Après, j’ai beaucoup m’ont demandé pourquoi je faisais une cagnotte puisque je pars en EVASAN. Alors effectivement, la Sécurité sociale paye le billet. Pour l’hébergement, c’est dans un centre d’hébergement qu’on te met. Être dans un centre d’hébergement pendant 1 à 3 semaines, ça va, mais y rester pendant trois ou quatre mois, il n’y a pas d’intimité. En fait, tu as l’impression que tu es toujours là avec du monde. Il n’y a pas cette intimité que tu as quand tu es chez toi, par exemple pour la cuisine commune. Donc tu peux avoir peur qu’on te prenne tes affaires. Donc moi, j’ai fait le choix de ne pas aller dans un centre d’hébergement. J’ai trouvé un hébergement particulier, je suis assez content parce que j’ai trouvé assez vite. Et la sécurité sociale en fonction de tes revenus, donne 80 € par mois. Normalement c’est 80 € sur trois fois pour toute l’année. Pour l’année derrière j’avais eu 80 € et 40 € alors que j’y étais restée trois mois. Donc j’ai eu 120 € pour trois mois, 120 € pour trois mois. Honnêtement non !

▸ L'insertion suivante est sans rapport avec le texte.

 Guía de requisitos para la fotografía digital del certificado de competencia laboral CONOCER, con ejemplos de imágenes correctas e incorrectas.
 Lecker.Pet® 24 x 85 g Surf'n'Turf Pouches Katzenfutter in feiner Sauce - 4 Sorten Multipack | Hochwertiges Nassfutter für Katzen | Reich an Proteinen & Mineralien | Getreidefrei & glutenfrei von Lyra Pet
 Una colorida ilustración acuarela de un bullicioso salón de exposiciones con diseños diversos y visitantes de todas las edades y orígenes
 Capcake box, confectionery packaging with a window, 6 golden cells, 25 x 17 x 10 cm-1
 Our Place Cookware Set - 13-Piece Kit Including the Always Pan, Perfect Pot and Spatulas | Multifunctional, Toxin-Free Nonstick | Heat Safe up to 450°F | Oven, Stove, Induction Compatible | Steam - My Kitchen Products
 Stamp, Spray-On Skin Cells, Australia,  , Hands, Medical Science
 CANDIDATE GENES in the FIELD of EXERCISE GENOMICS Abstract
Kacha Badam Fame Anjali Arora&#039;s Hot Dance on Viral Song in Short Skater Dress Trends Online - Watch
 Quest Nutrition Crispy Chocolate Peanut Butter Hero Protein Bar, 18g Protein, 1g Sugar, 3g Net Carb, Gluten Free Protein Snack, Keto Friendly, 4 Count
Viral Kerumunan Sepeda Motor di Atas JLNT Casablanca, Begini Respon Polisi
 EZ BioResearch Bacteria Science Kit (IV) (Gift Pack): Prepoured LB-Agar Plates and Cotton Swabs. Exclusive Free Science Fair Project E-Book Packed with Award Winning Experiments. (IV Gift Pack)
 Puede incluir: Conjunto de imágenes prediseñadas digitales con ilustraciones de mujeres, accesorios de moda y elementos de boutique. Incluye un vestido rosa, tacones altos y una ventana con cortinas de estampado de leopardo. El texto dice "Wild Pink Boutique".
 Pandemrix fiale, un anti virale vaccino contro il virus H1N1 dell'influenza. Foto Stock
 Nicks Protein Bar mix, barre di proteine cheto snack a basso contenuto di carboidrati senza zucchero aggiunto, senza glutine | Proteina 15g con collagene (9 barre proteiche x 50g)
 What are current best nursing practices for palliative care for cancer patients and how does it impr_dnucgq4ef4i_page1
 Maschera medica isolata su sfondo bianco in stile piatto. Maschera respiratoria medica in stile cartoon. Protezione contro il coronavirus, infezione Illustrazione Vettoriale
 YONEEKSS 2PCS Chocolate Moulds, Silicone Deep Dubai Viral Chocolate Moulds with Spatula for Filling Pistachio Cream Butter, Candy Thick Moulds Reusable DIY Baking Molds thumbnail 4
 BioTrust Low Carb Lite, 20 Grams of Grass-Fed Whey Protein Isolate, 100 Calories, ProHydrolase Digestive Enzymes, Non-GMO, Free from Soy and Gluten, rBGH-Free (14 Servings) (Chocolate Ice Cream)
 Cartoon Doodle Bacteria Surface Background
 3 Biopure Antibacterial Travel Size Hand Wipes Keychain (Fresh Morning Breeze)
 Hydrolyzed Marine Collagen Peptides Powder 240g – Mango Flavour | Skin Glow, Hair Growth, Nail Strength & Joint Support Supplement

Comment se porte Keylany ?
Aujourd’hui, elle va bien. Malgré le déplacement de sa hanche et malgré son genou qui aujourd’hui est gonflé et douloureux, elle va bien. C’est une enfant qui ne souffre pas de la douleur. Je ne sais pas comment elle fait, mais elle a une énorme résistance à la douleur.
Comment faites-vous pour toujours rester positive et ne pas baisser les bras ?
Déjà je me dis que quand je me réveille le matin, que ma fille se réveille et que je vois son énorme sourire, je me dis ça, je ne peux pas me plaindre. C’est elle qui souffre, c’est elle qui est handicapée. Je ne peux pas me plaindre. Et puis après, je me dis « Mais il y a pire que toi ! » Oui, je sais si je vis quand même une situation difficile, mais je me dis il y a pire que toi, t’as quand même la chance d’avoir un enfant. Il y en a qui n’ont pas d’enfant. T’as quand même la chance de pouvoir communiquer à ta manière avec ta fille . Il y en a qui ont des enfants avec qui ils ne communiquent pas du tout, qui sont dans le coma, qui sont en état végétatif. Et puis je me dis avec le Covid , on a vécu des choses tellement difficiles. Donc j’ai envie de vivre sans sans regrets. C ‘ est une opération assez difficile , a vec un énorme risque puisque l’année dernière quand on l’ a opéré e, deux jours après l’opération, elle est retournée en réanimation. Et là, l’opération un peu plus grosse, plus difficile, elle est beaucoup plus risquée. Donc on peut avoir un risque qu’elle ne se réveille pas de l’anesthésiste. O n m’a même demandé de venir avec son dossier palliatif de la mienne, donc je me dis je préfère profiter de ne pas avoir de regret.